"""

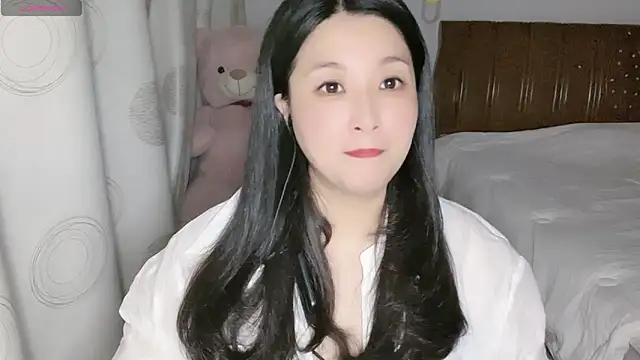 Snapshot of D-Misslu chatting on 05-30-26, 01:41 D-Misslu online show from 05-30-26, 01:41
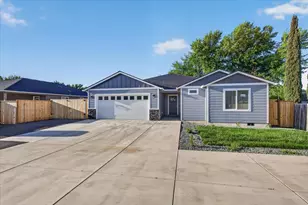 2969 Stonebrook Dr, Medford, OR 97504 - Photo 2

"""
"""

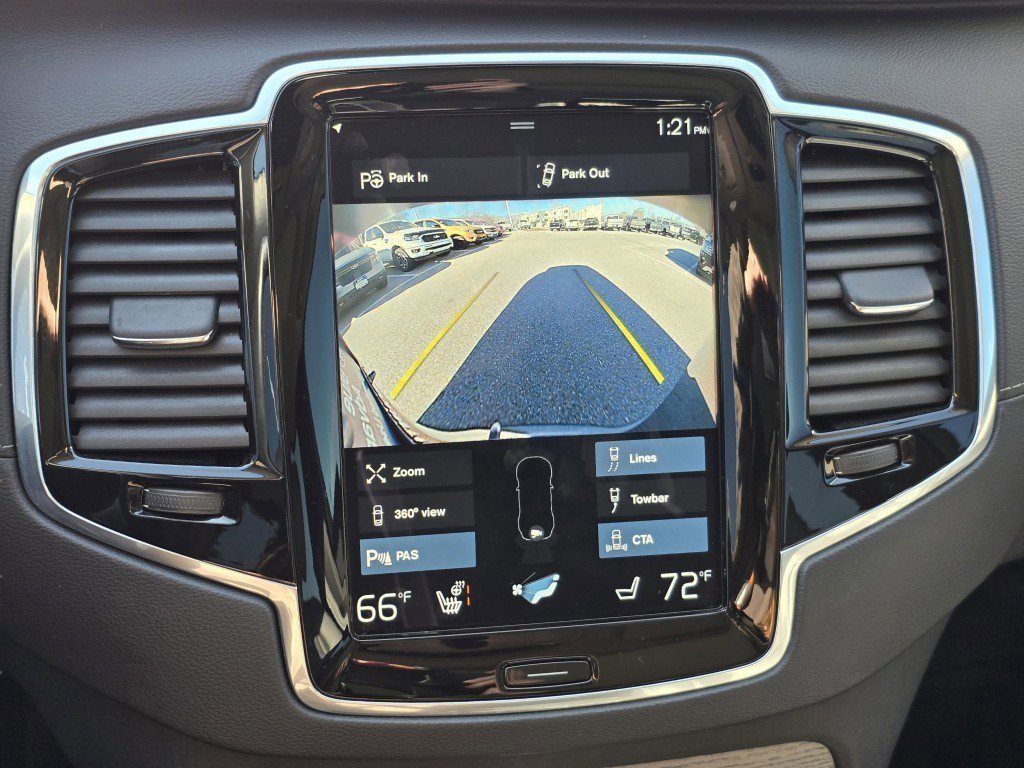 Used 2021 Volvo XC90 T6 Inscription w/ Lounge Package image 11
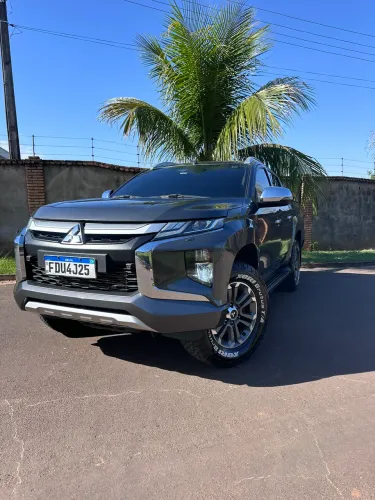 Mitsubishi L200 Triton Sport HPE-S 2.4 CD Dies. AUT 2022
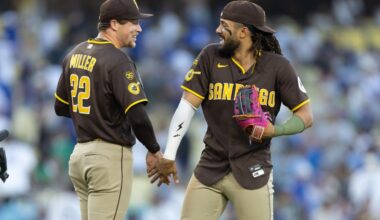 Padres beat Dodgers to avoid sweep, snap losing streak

"""

» **Task item**:
Taking the entries above, extract every line from the one bearing "Snapshot of D-Misslu" through the one bearing "2969 Stonebrook Dr, Medford, OR", exactly, with no pictures.

» **Response for this exercise**:
 Snapshot of D-Misslu chatting on 05-30-26, 01:41 D-Misslu online show from 05-30-26, 01:41
 2969 Stonebrook Dr, Medford, OR 97504 - Photo 2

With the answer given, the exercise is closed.